For 36 years Kenneth Rose in his Sunday Telegraph “Albany” column chronicled the doings of the establishment. His connections with royalty were so extensive that when he once asked his secretary at the Sunday Telegraph: “Get me the King”, she replied: “Which King?”
Rose liked “people of rank” and wrote approvingly of the historian HAL Fisher’s dictum that the wheels of history are seldom moved by the poor (what about the French Revolution?), adding that “names that recall past glories stir the blood”.
However, as his Telegraph obituary in 2014 observed, the contrast between the world of his childhood as the son of a Bradford doctor and the exalted company he kept in adult life “attracted a fair measure of mockery, mixed with envy. In waspish circles he was sometimes known as ‘Climbing Rose’.” He was even invited to become an honorary Old Etonian.
I’ve been reading the newly published first volume of Rose’s journals, edited by DR Thorpe. They’re so full of riveting detail that you can’t help wondering how much of the juiciest gossip was left out of the Albany column and saved for the journals – which were fully intended, Thorpe says, to be Rose’s “posthumous magnum opus” (though his biography of King George V was called “the best royal biography ever written”).
Unknown to many, Rose was Jewish, but he was deeply attached to the established Church. We learn that John Betjeman had “I believe, a special key on his typewriter, a cross, for putting in front of bishops’ names”. And there’s this exchange from the 1953 Coronation rehearsal: “Archbishop of Canterbury: ‘What do I do now?’ Duke of Norfolk: ‘You pray.’ ”
Rationing only ended in 1954, but there is no shortage of Chablis and oysters amid the discussions with Cabinet ministers about Suez or Profumo.
Rose (not a believer) had a feel for the rhythms of the Christian year, as in this entry from 1955: “Malcolm [Sargent] and I dine magnificently … I feel slightly uneasy doing this on Good Friday, but Malcolm says it doesn’t count after 3pm. So we eat caviar with hot buttered toast and vodka, duck and a fine cheese … Then a huge and succulent Havana …”
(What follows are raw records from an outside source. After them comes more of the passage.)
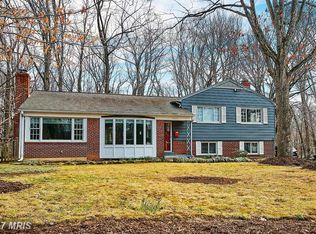 3417 Greentree Dr, Falls Church, VA 22041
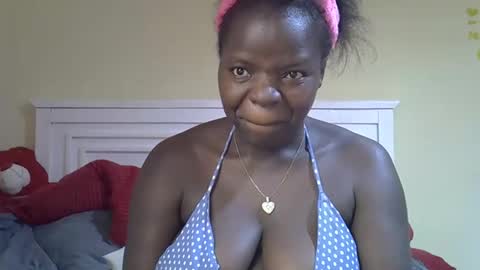 misscandy352_ online show from April 2026 02:22:02 PM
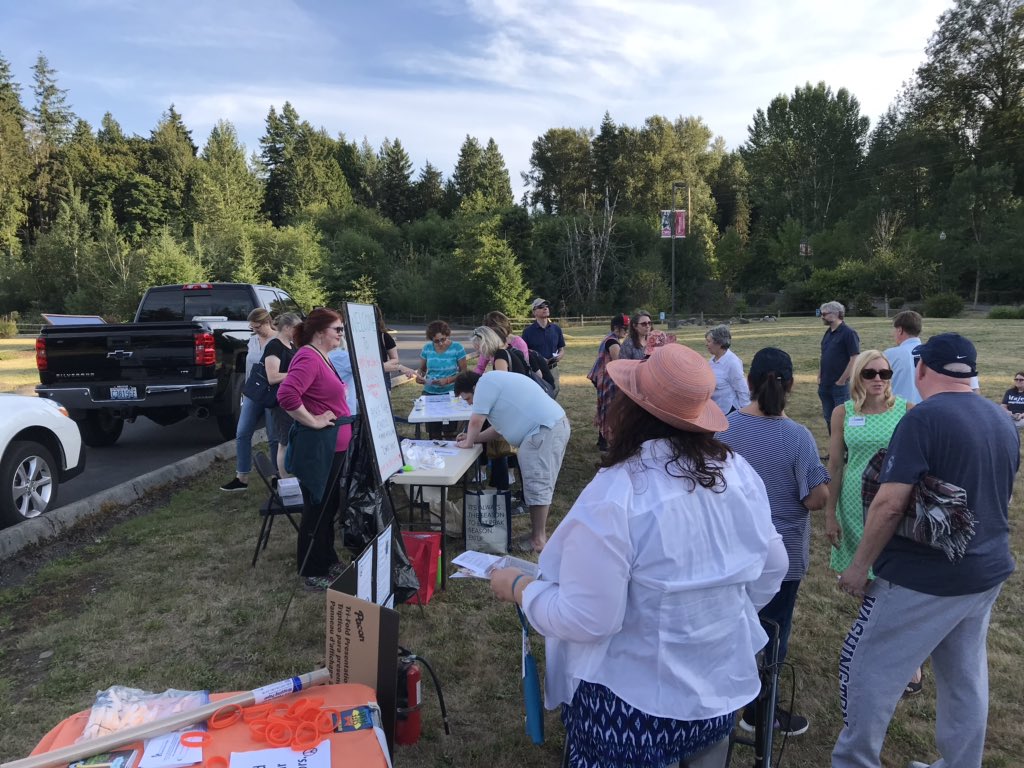 PoliticalAllie's tweet photo. Sammamish, WA just getting started #Lights4Liberty https://t.co/NkyRYroLEO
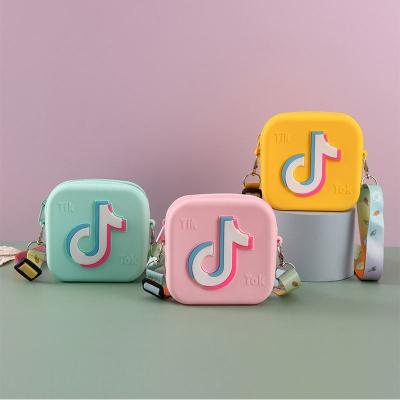 China Others Fashion Kids Silica Gel Bag Mini Coin Purse Baby Tik Tok coin Girls Kids Purses Handbag for sale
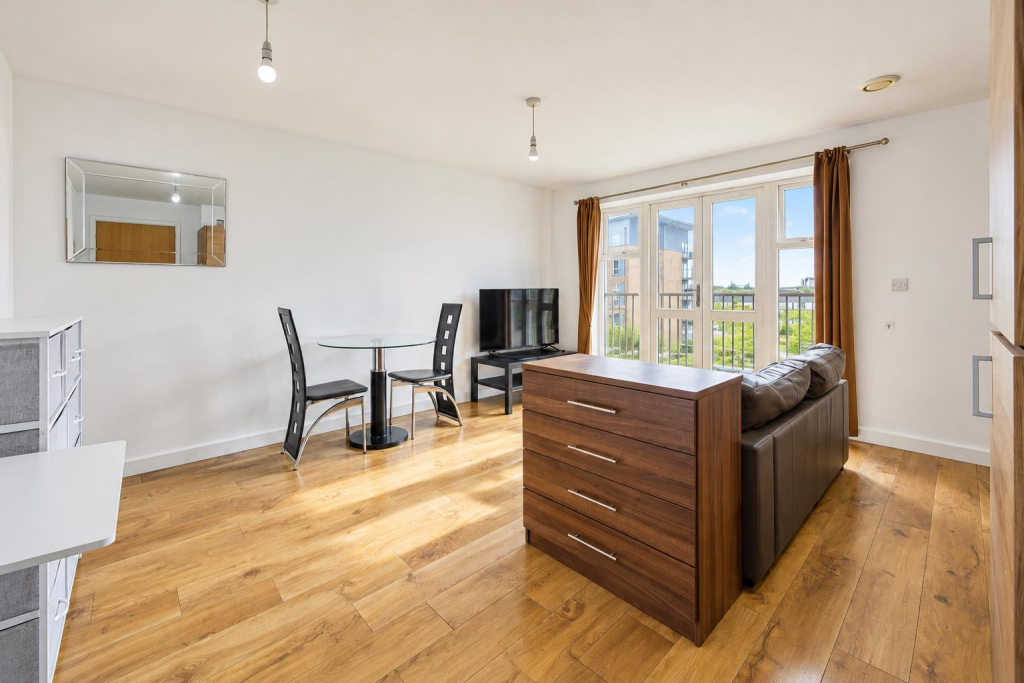 Apartment in Southall - View 3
Another dinner is rounded off with a cigar that “needs two hands to support it”.
These journals will surely sell well this Christmas – along with, I expect, The Quest for Queen Mary, Hugo Vickers’s very funny “unexpurgated” editing of James Pope-Hennessy’s notes for his biography of Queen Mary. (Incidentally, Kenneth Rose’s diary is sadly prescient about his friend Pope-Hennessy: in 1959 he writes that he is “very indiscreet about his private life … I hope he does not one day fall into serious trouble.” Then in January 1974: “Read the awful news that James Pope-Hennessy has been found murdered in his London flat.” He was horribly killed by three young men, one of them his lover.)
Talking about journals, but of a very different sort, Roger Lewis’s splenetically funny Seasonal Suicide Notes and the follow-up Why Am I Still Here? My Life as Me are available in paperback in case you missed them.
Out of print but always interesting are Trevor Beeson’s books, particularly his Dean’s Diary from his time at Winchester in 1987-96, which contains a lovely story about Cardinal Basil Hume visiting the Cathedral, along with about 50 other Benedictines. He “preached an unusual sermon in which he imagined St Benedict visiting Winchester in 963, then in 1093 and again today”. “I think it came off,” says Beeson, “not least because Basil Hume has such an impressive, godly presence that virtually anything he says seems right and true.”
The only flaw in the whole event was when one of the catering staff put salt instead of sugar on the strawberries and cream. “But … many believed it to be a special Benedictine dish revived for the occasion.”
***
Perhaps because of crowding, behaviour on the London Underground is becoming more in-your-face. Most travellers are polite and considerate, but a few act as if they are in a private room. This can be unsettling. Recent examples noticed: an office worker coughing every minute or two, in a nervous-tic way. As I clutched the sweaty handrail, I felt the ripples in the stale recirculating air, the throaty discharge heading towards my nostrils.
Then there are those people who swing their eco-friendly backpacks behind them, blithely thumping fellow passengers.
It’s normal now for women to put make-up on on buses and trains. But is this always OK? I saw a smartly dressed woman get out an emery board and start vigorously pulverising her nails. Were invisible microparticles of nail spraying the passengers on either side (both women, as it happened)?
And sitting next to me the other day was a proper “manspreader”, thrusting his tree-trunk thighs into his neighbours’ personal space, arms firmly crossed in a gesture that said: don’t mess with me.